Reputation: 13
I am fiddling with MS SQL and I am getting different results after running these two queries (...maybe it is just my amateurism in MS SQL):
/* If you spot any syntax errors it doesn't matter, I am writing this out of my head */
SELECT
AVG(X.AvgDailyExpense) AS AverageDailyExpense
FROM
(SELECT
AVG(we.DailyExpense) AS AvgDailyExpense
FROM
WorkerExpense we
LEFT JOIN Worker w ON w.Id = we.WorkerId
GROUP BY
w.Id) X;
SELECT
AVG(we.DailyExpense) AS AverageDailyExpense
FROM
WorkerExpense we
LEFT JOIN Worker w ON w.Id = we.WorkerId;
There is a foreign key between WorkerExpense and Worker and it is impossible for WorkerExpense table to have a reference to worker row that doesn't exist. Also, DailyExpense is money data type (maybe that matters?).
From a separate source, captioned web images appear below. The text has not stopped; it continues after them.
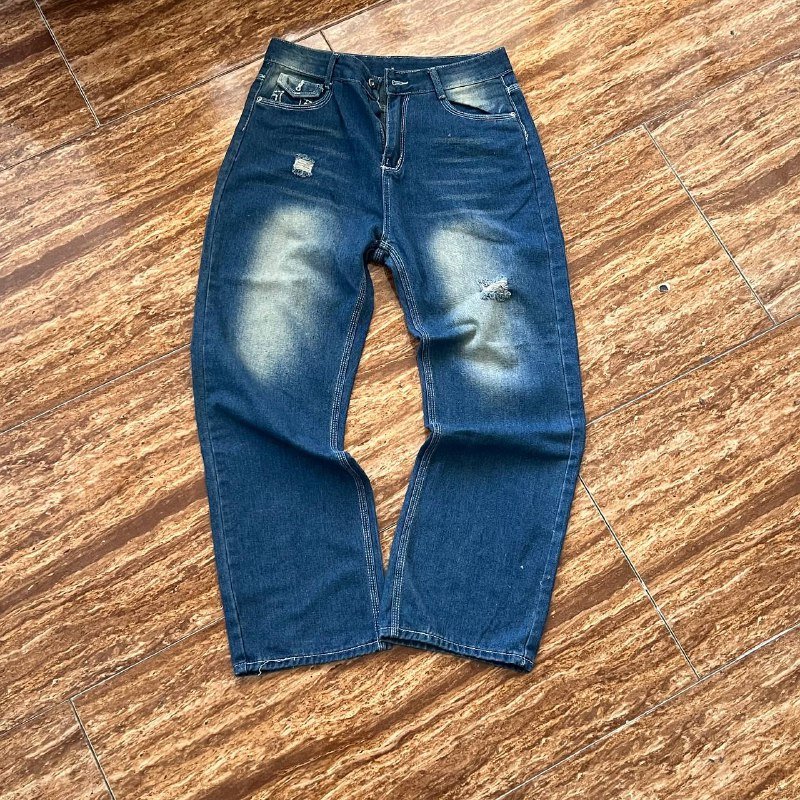 Вельветовый жилет, джинсы, джинсовые шорты, футболки Diesel и Redbull 4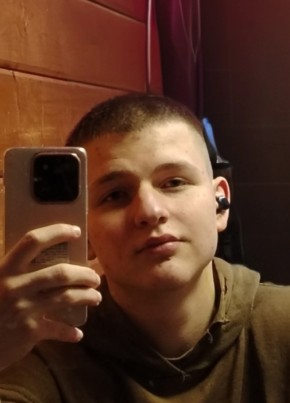 Родион из Ярославли 19 лет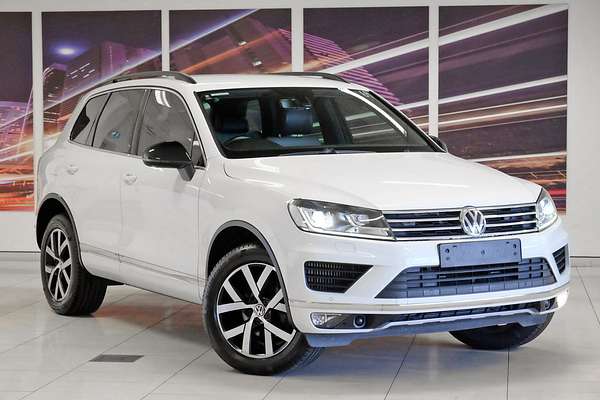 2018 Volkswagen Touareg Monochrome 7P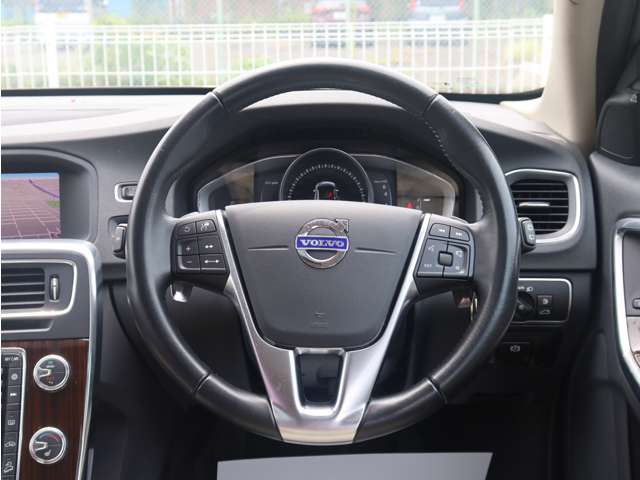 Volvo V60 Cross Country 12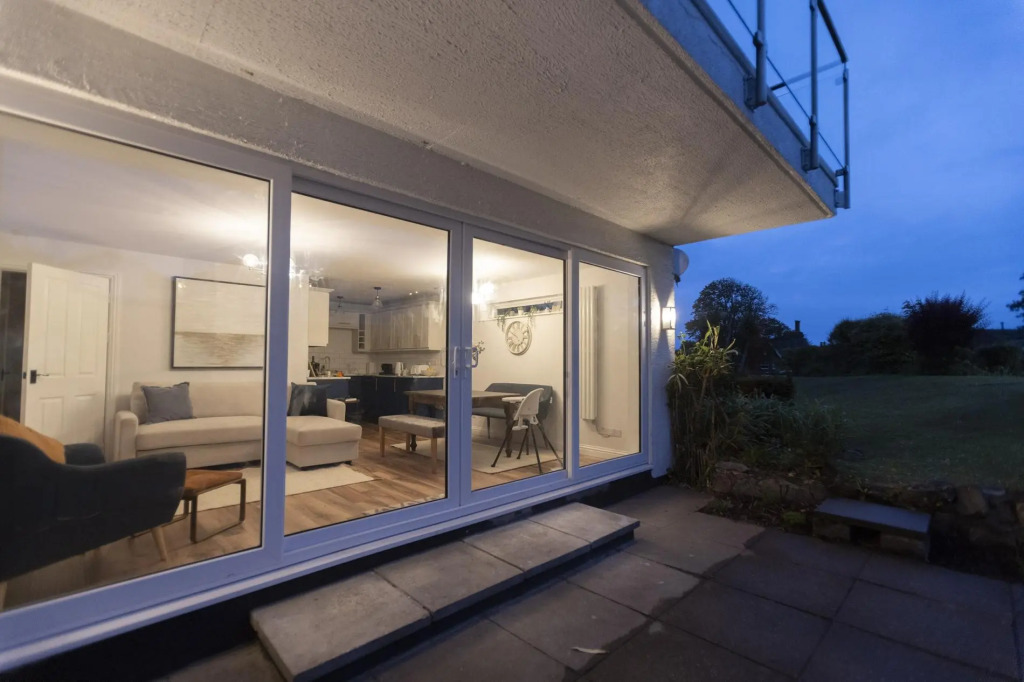 Dolphin - 2 Bedroom Apartment - Saundersfoot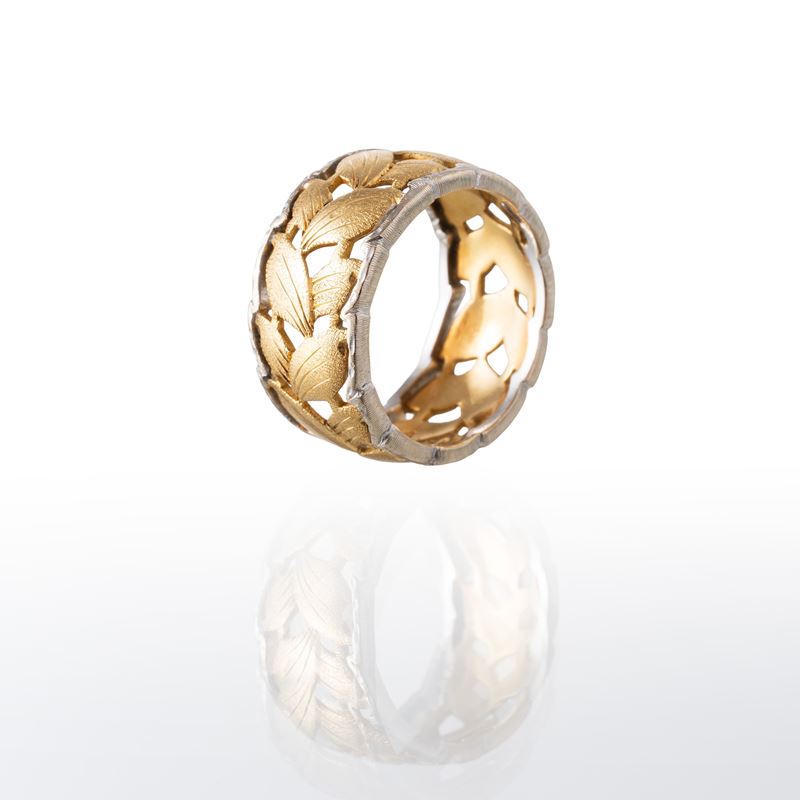 Buccellati, Anello in oro giallo e bianco 18 kt con incisione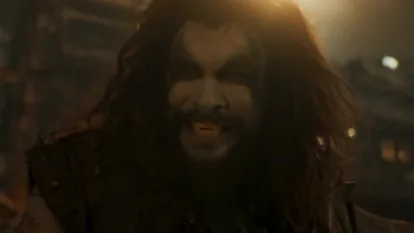 Premier aperçu de Jason Momoa dans le rôle de Lobo révélé dans le teaser de Supergirl, et il a l'air incroyable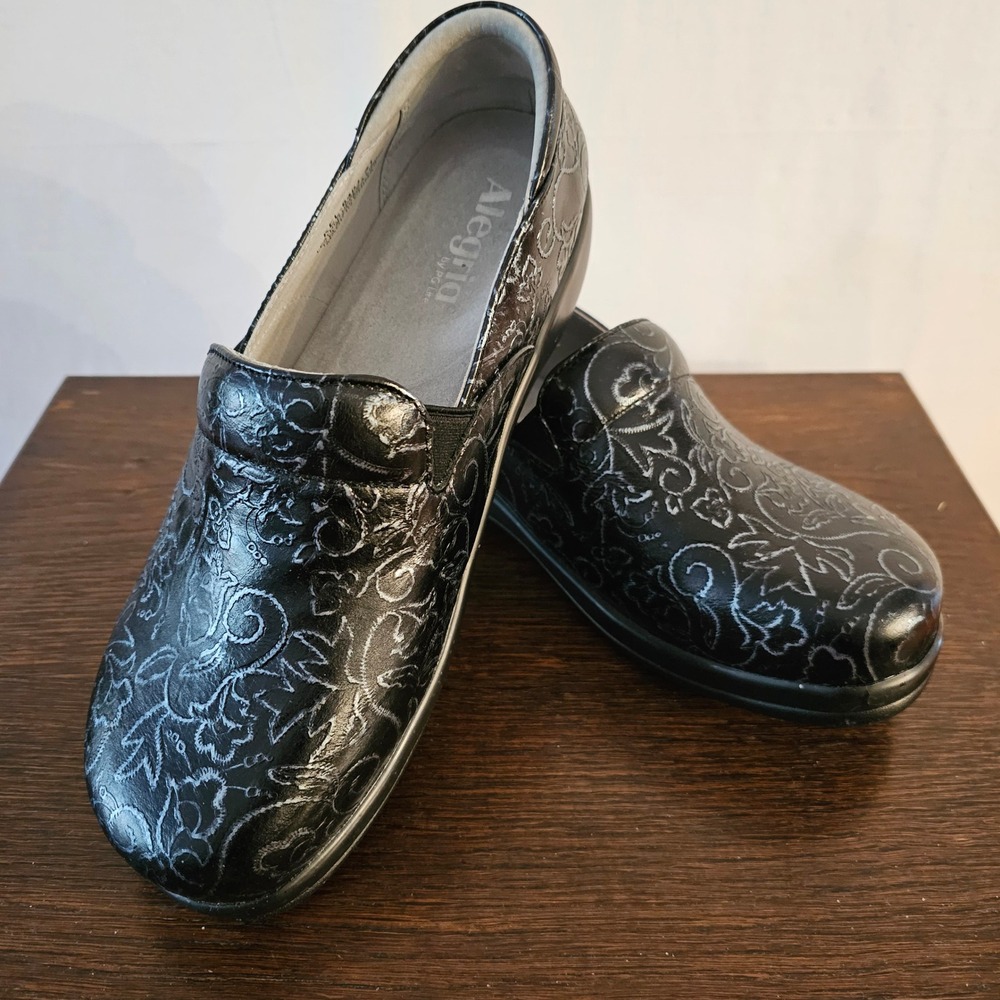 Alegria Keli Black Embossed Floral Leather Slip Resistant Clogs Shoes EU 41 - Picture 3 of 10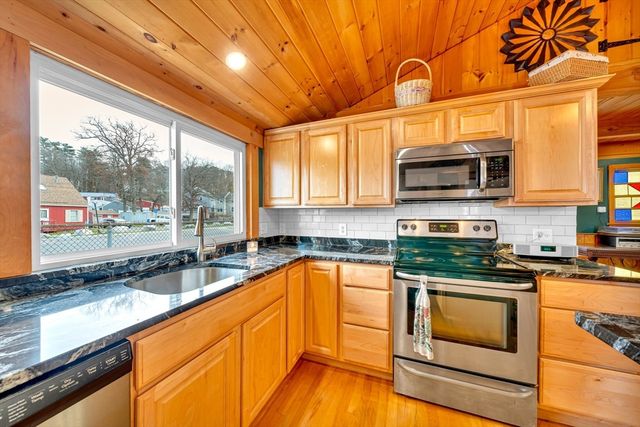 1 Bisson Ln, Merrimac, MA 01860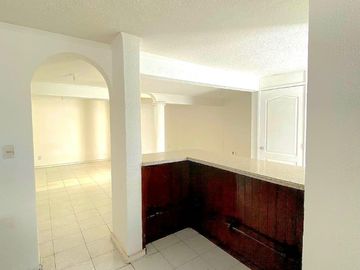 CASA EN VENTA FRACC DIEGO RIVERA. Fracc privado, Cerca del Tec. de Morelia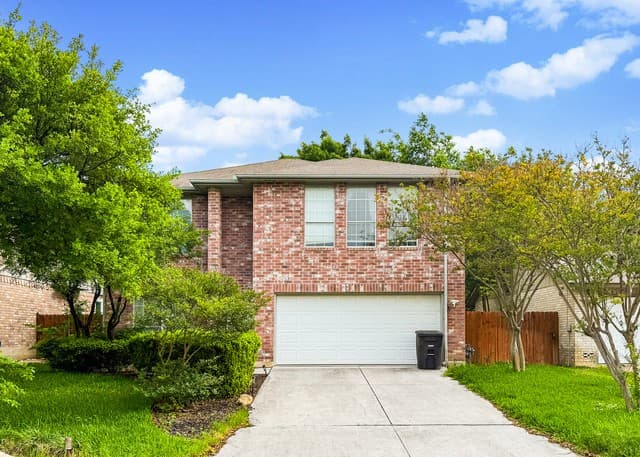 3-bedroom rental at 15015 Northern Dancer in San Antonio TX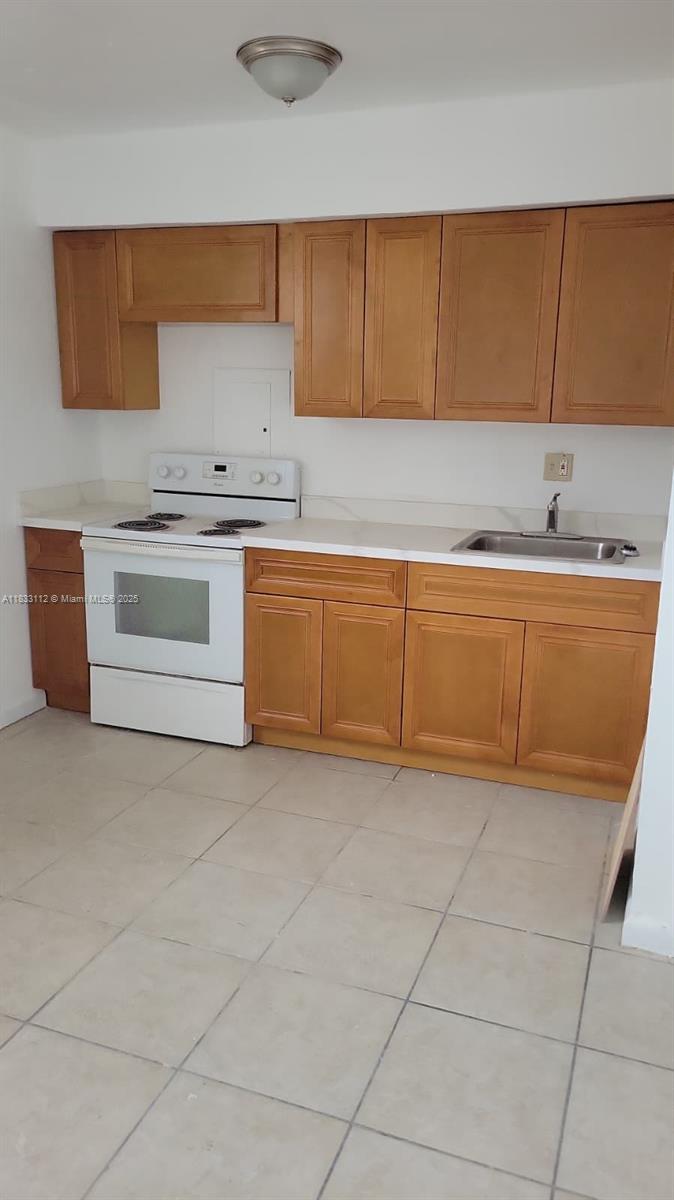 CORAL BAY MANOR - Residential Lease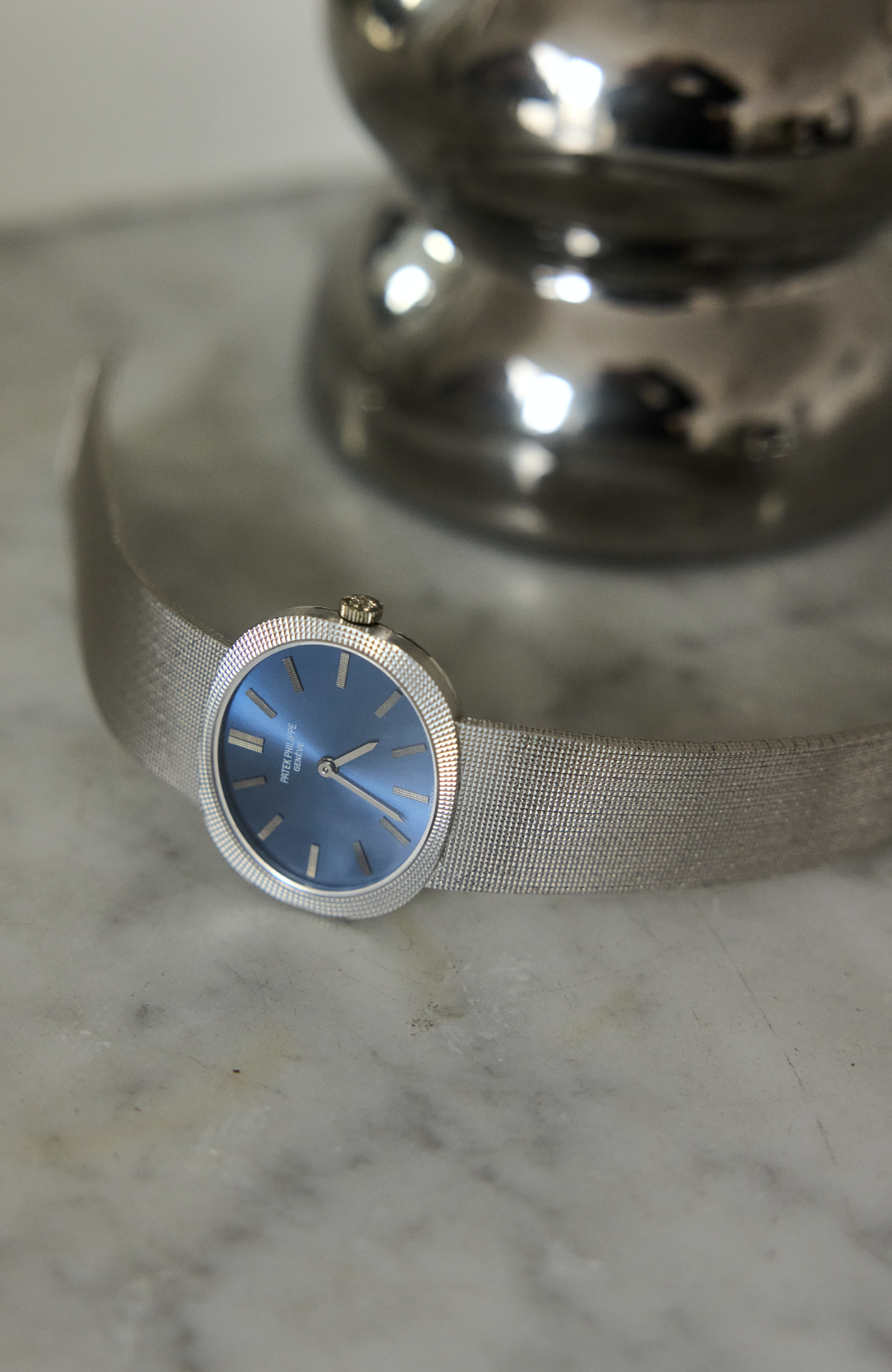 Patek Philippe – Clou de Paris – White Gold & Blue (alternate view)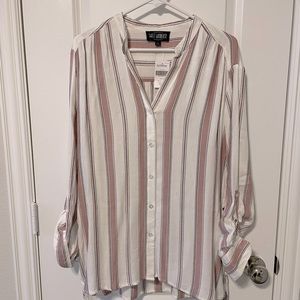 Sweet Wanderer flowy button up blouse size L NWT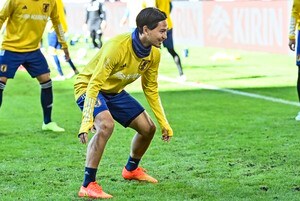 リーグ・アンのモナコ公式がサッカー日本代表・南野拓実の「謎の港画像」を公開で「なんなんや」「相変わらずやりたい放題」と困惑の声…日本の祝日を記念するも、イメージと合わず⁉の画像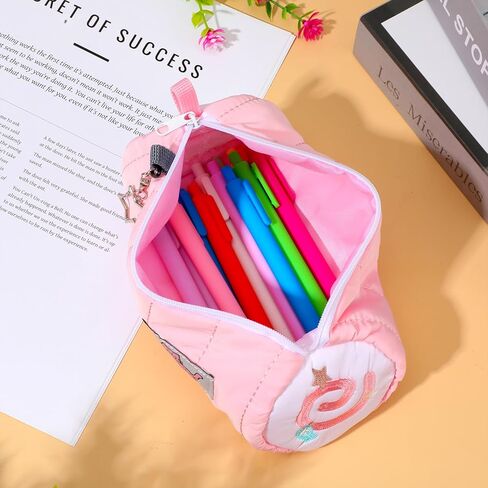 الوردي مقلمة kawaii مع سلسلة المفاتيح القط، كريم لفة الكرتون سعة كبيرة لطيف القط حقيبة ماكياج مع سحاب للنساء ماكياج فرش القرطاسية الأقلام هدية عيد الحب in Kuwait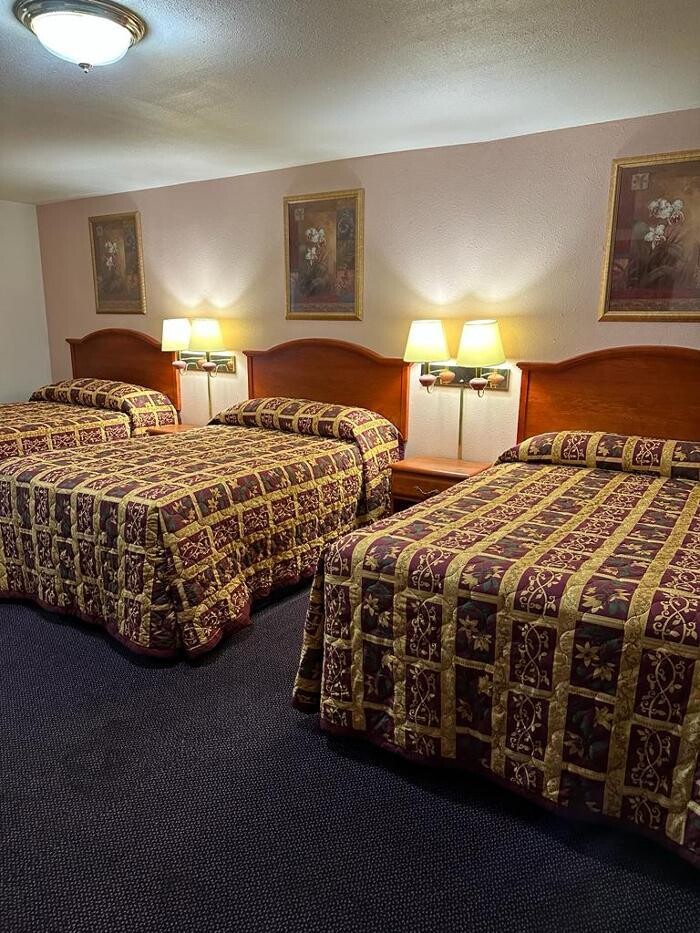 Images American Inn of Altus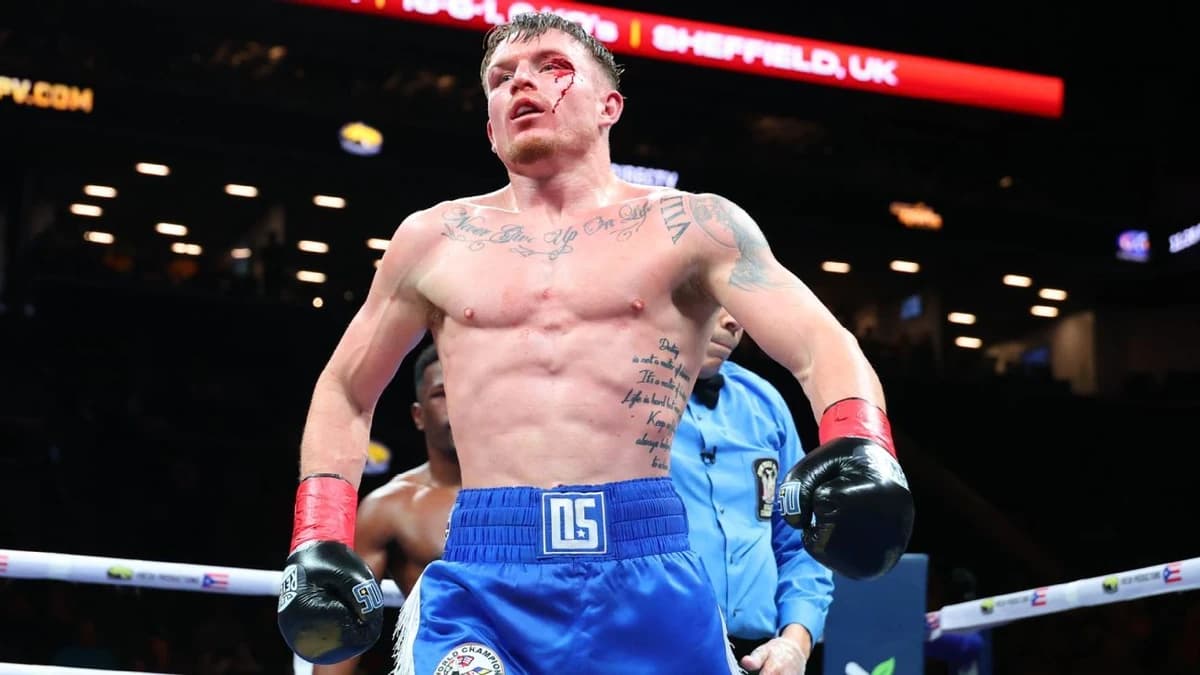 Smith's title homecoming off, ruled out with injury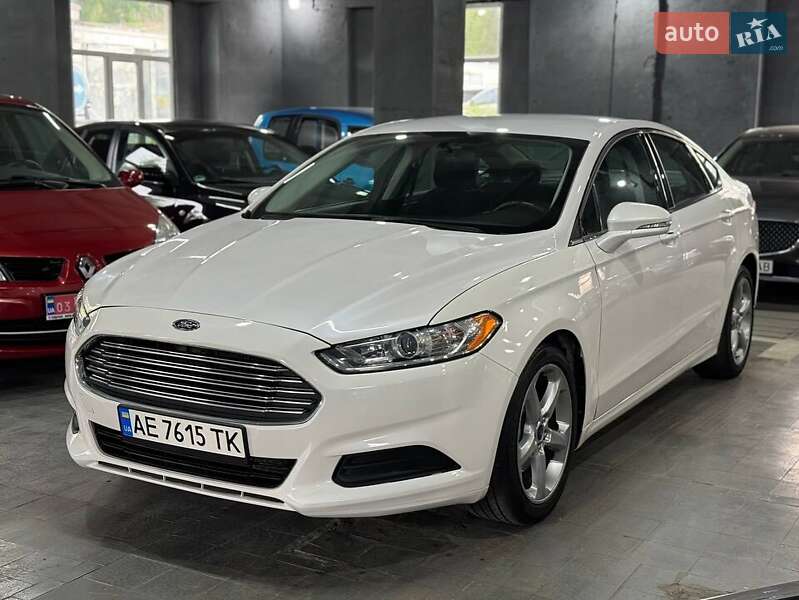 Седан Ford Fusion 2015 в Львові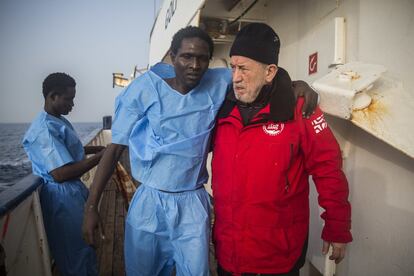 Un membre de Proactiva Open Arms ajuda un migrant ferit a bord del buc de rescat 'Golfo Azurro'.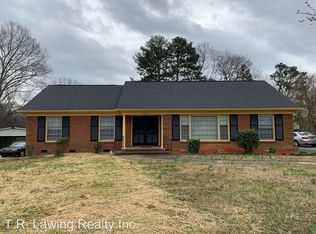 9130 Sandburg Ave, Charlotte, NC 28213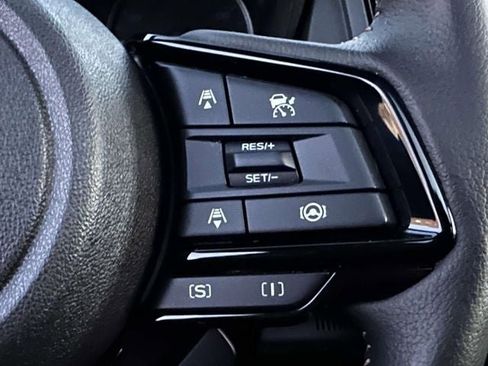 Used 2025 Subaru Forester Touring image 27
Now, the lower query is returning what should be the correct result (I calculated the result manually on small number of rows) and upper query is always returning a value greater than it should be.
Could anyone please explain it a bit more detailed why is this happening? Is it because of number rounding or...?
Upvotes: 1
Views: 451
Reputation: 16364
Suppose that you have workers with the following expenses:
A: 1, 2, 3, 4, 5, 6, 7, 8, 9 (average 45 / 9 = 5)
B: 12, 13, 14 (average 39 / 3 = 13)
The straight average of all the expenses is (45 + 39) / 12 = 7, but the average of the averages of the two workers is (5 + 13) / 2 = 9.
Upvotes: 1
Reputation: 2870
Those are two different mathematical questions. Consider one Worker group with two WorkerExpense entries, which are 0 and 3000. Consider a second Worker group with a single WorkerExpense Entry, which is 0.
Your first query will find the averages of the two groups first, e.g., 1500 and 0, and then average those numbers, for a result of 750.
Your second query will average the three numbers 0, 3000, and 0, for a result of 1000.
These are two different things. You have to decide which one you intend.
Upvotes: 1
Reputation: 2638
These queries will return different results because they are answering different questions. The second query answers "what is the average daily expense across all daily expense reports". The first query first finds the average daily expense by individual and then asks "what is the average of the individual-based average daily expense". They are answering very different questions.
Another way to think about it is that the the second query is giving greater weight to individuals that have a larger number of expense reports. The first query normalizes the data by individual.
Upvotes: 1